# Records supplied:
──────────

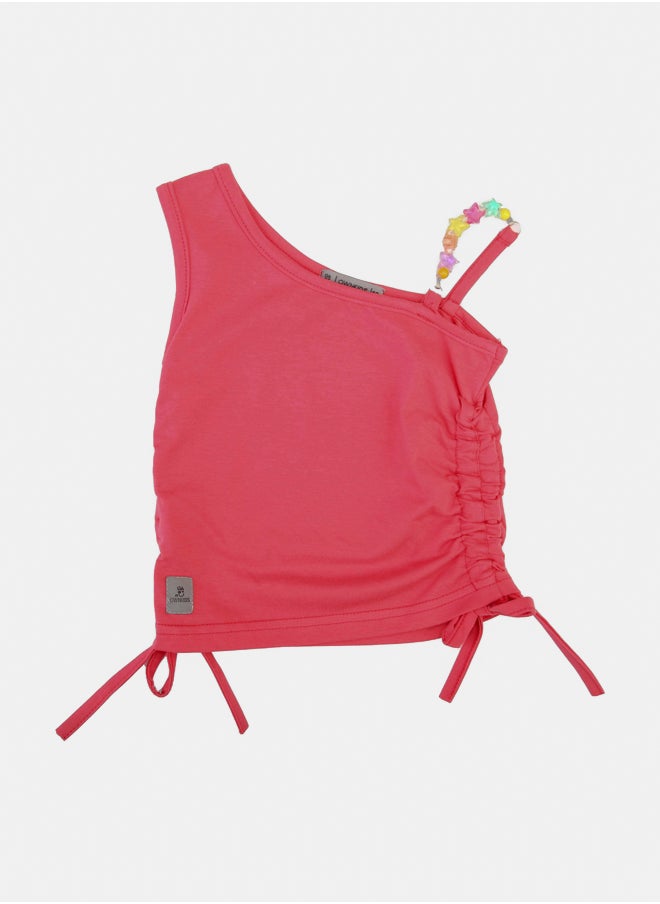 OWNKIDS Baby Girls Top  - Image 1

──────────

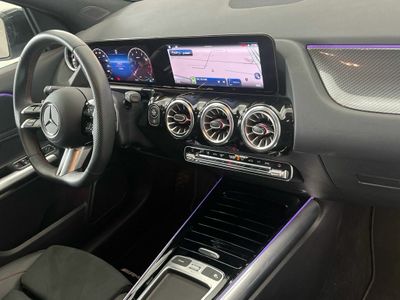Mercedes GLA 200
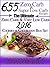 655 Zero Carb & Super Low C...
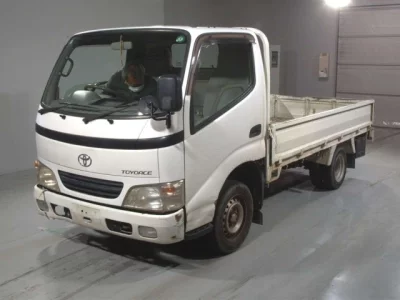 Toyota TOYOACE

──────────

# To do:
Give again, exactly as written above, each line from the one that has "Mercedes GLA 200" to the one that has "Toyota TOYOACE", both included; omit the pictures.

# Task output:
Mercedes GLA 200
 655 Zero Carb & Super Low C...
 Toyota TOYOACE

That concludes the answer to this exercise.